(Stored entries)
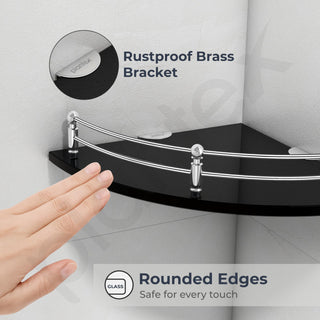 Plantex Wall Mount Glass Corner Shelf for Bathroom/Kitchen Shelf/Living Room Shelf/Bathroom Organizer (Black, 12 x 12 Inches) - Pack of 2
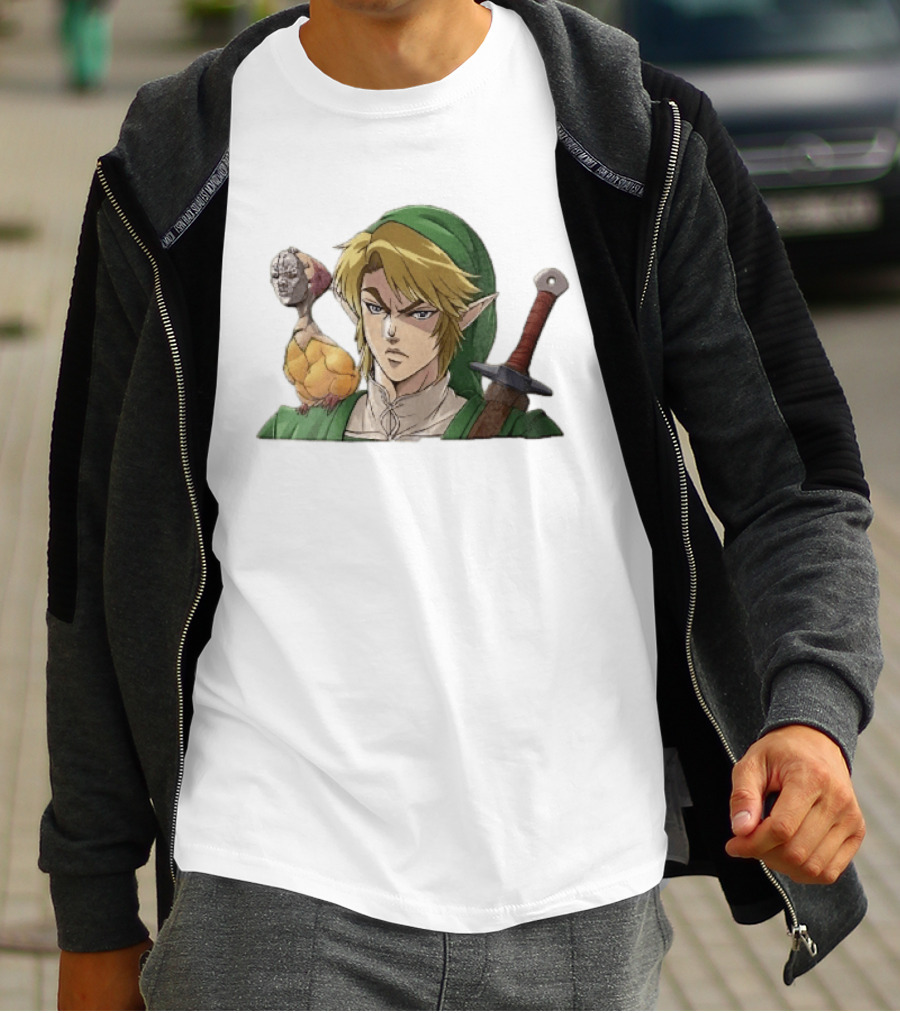 Anime Blonde Elf Knight In Green Tunic With Sword And Strange Bird Companion T-Shirt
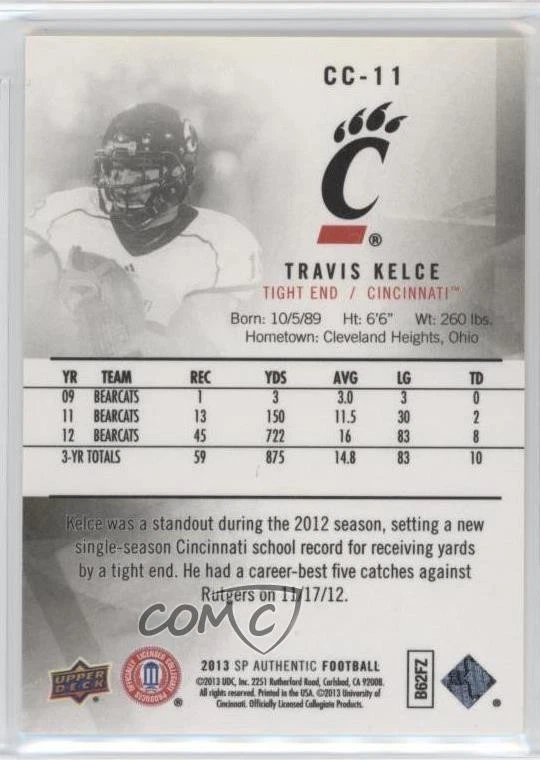 2013 SP Authentic Canvas Collection Travis Kelce #CC-11 Rookie RC - Image 2 of 2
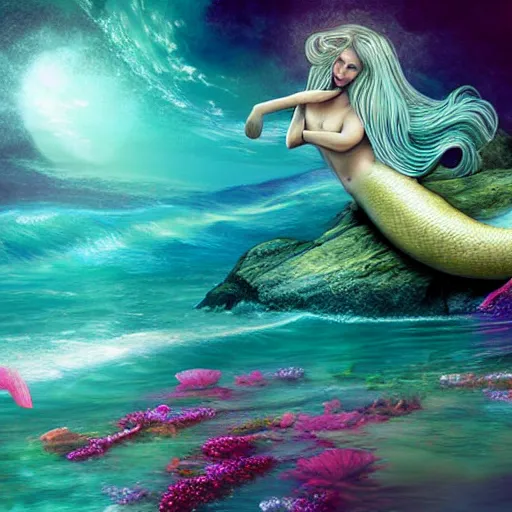Prompt: mermaid dreaming masterpiece digital art, redshift render, hyperrealistic,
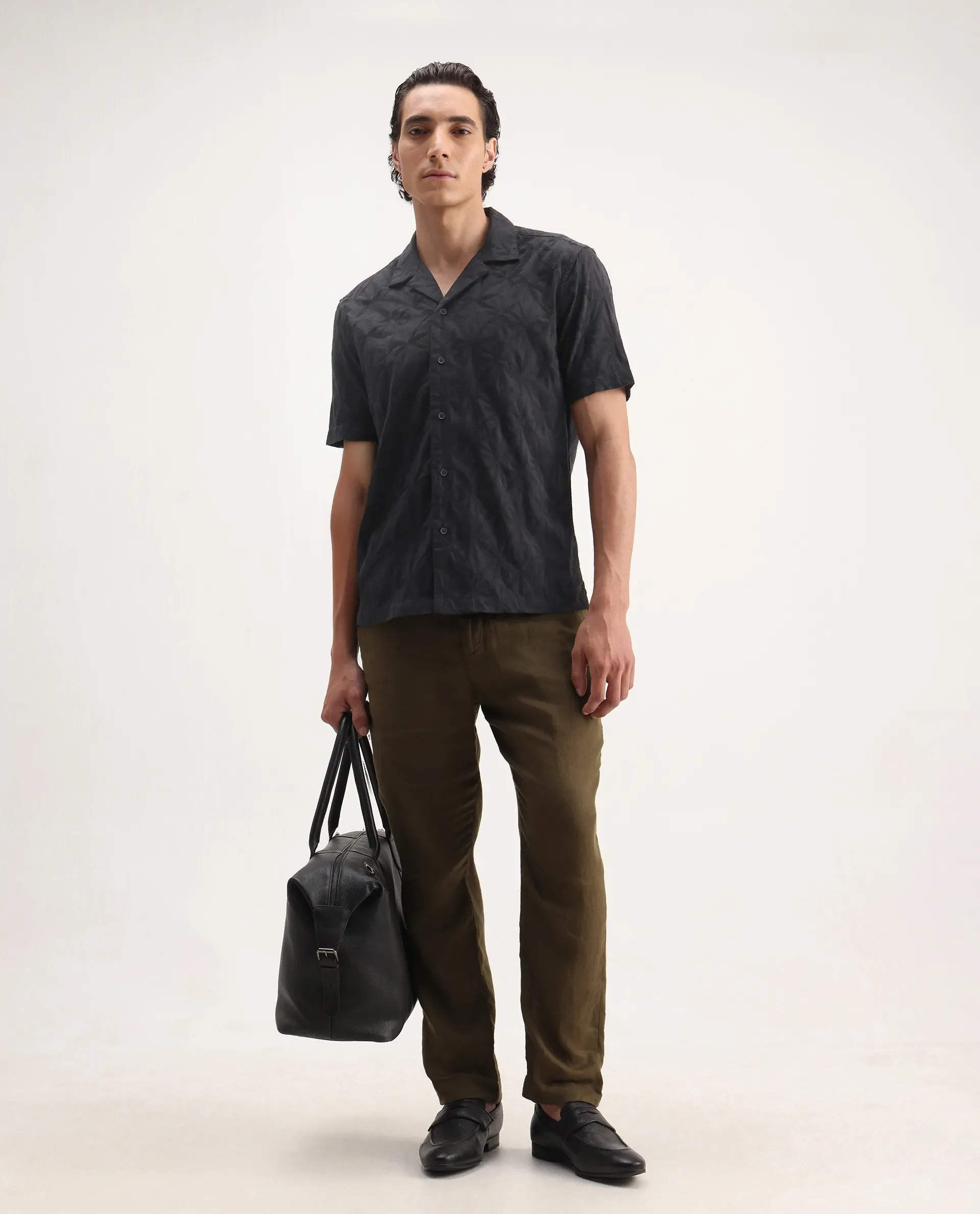 Rare Rabbit Men's Jaff Black Cotton Embroidered Boxy Fit Half Sleeve Cuban Collar Shirt - Image 2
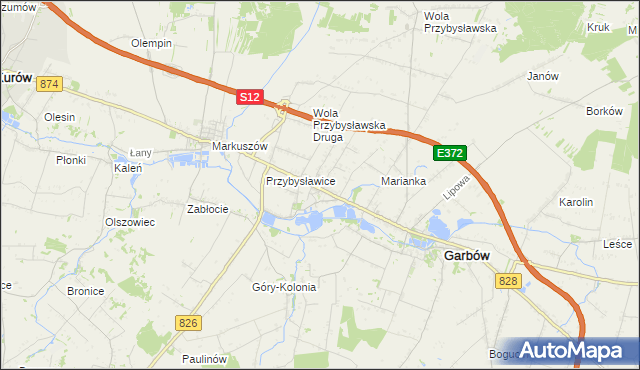 mapa Zagrody gmina Garbów, Zagrody gmina Garbów na mapie Targeo
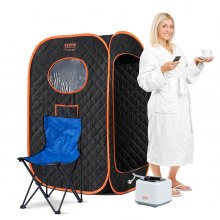 VEVOR Tente de sauna à vapeur compacte et portable, couverture de sauna de 1000 W avec chaise, boîte de sauna thérapeutique à domicile pour la relaxation détox, télécommande de l'heure et de la température, sauna personnel pour la maison, noir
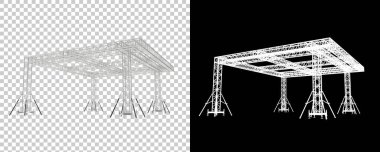 Alüminyum yapı çerçevesi beyaz arkaplanda izole edildi. 3d görüntüleme - illüstrasyon
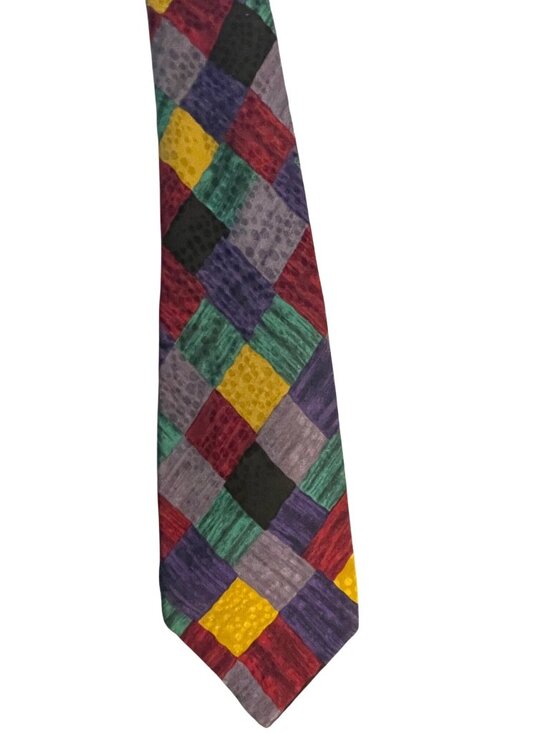Zanzara Other - Zanzara Carnaval De Venise Mens Silk Tie Multicolor Geometric Patchwork Design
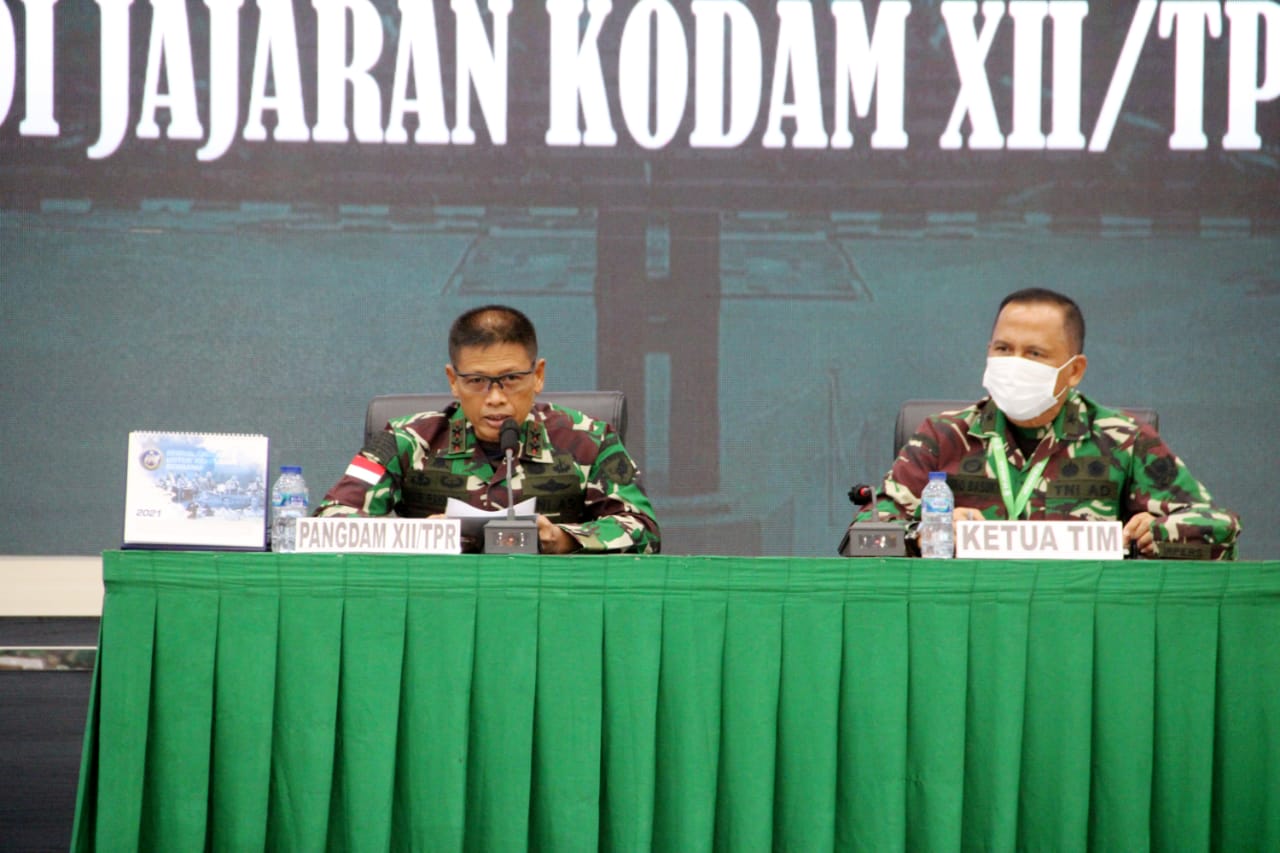 Pangdam XII/Tpr Terima Hasil Pemeriksaan Post Audit Itjenad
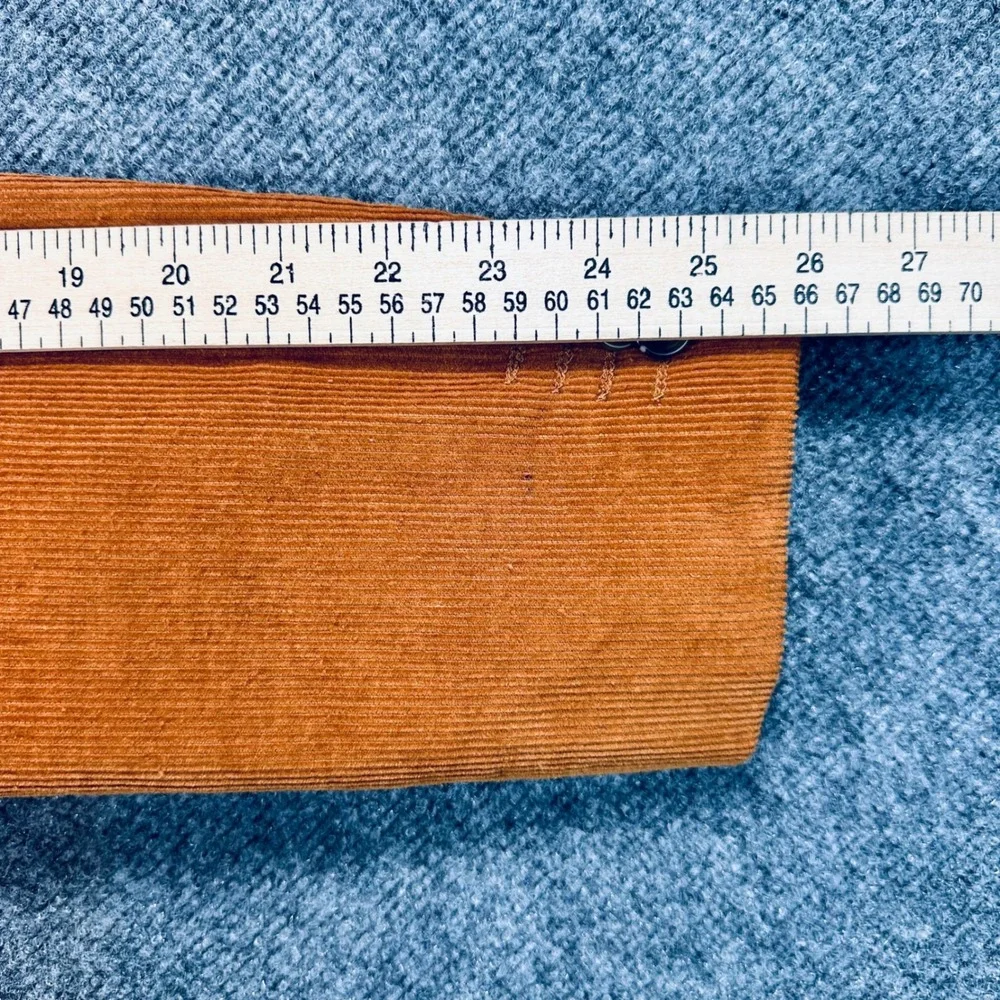 Alan Flusser 48R Burnt Orange Corduroy Blazer Jacket Sport Coat Plaid Lining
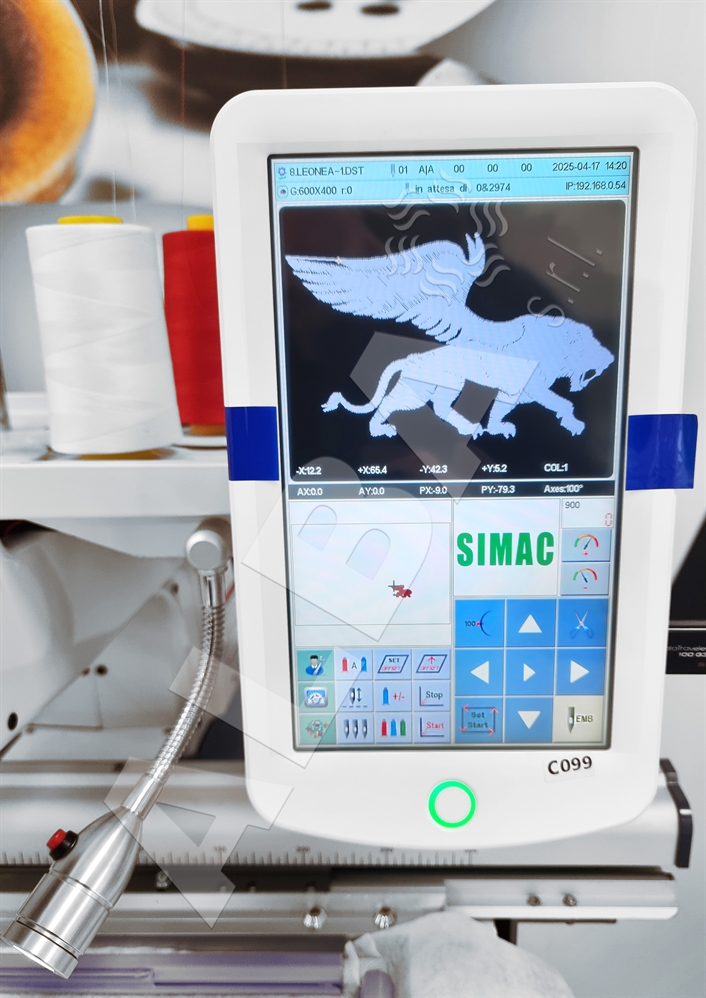 SIMAC 1201L MACCHINA DA RICAMO CAMPO 40x60cm 1 TESTA 12 AGHI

## PROBLEM DESCRIPTION
Apart from the pictures, every line above must be printed exactly.

## SOLVED EXERCISE
 Plantex Wall Mount Glass Corner Shelf for Bathroom/Kitchen Shelf/Living Room Shelf/Bathroom Organizer (Black, 12 x 12 Inches) - Pack of 2
 Anime Blonde Elf Knight In Green Tunic With Sword And Strange Bird Companion T-Shirt
 2013 SP Authentic Canvas Collection Travis Kelce #CC-11 Rookie RC - Image 2 of 2
Prompt: mermaid dreaming masterpiece digital art, redshift render, hyperrealistic,
 Rare Rabbit Men's Jaff Black Cotton Embroidered Boxy Fit Half Sleeve Cuban Collar Shirt - Image 2
 mapa Zagrody gmina Garbów, Zagrody gmina Garbów na mapie Targeo
 VEVOR Tente de sauna à vapeur compacte et portable, couverture de sauna de 1000 W avec chaise, boîte de sauna thérapeutique à domicile pour la relaxation détox, télécommande de l'heure et de la température, sauna personnel pour la maison, noir
 Alüminyum yapı çerçevesi beyaz arkaplanda izole edildi. 3d görüntüleme - illüstrasyon
Zanzara Other - Zanzara Carnaval De Venise Mens Silk Tie Multicolor Geometric Patchwork Design
 Pangdam XII/Tpr Terima Hasil Pemeriksaan Post Audit Itjenad
 Alan Flusser 48R Burnt Orange Corduroy Blazer Jacket Sport Coat Plaid Lining
 SIMAC 1201L MACCHINA DA RICAMO CAMPO 40x60cm 1 TESTA 12 AGHI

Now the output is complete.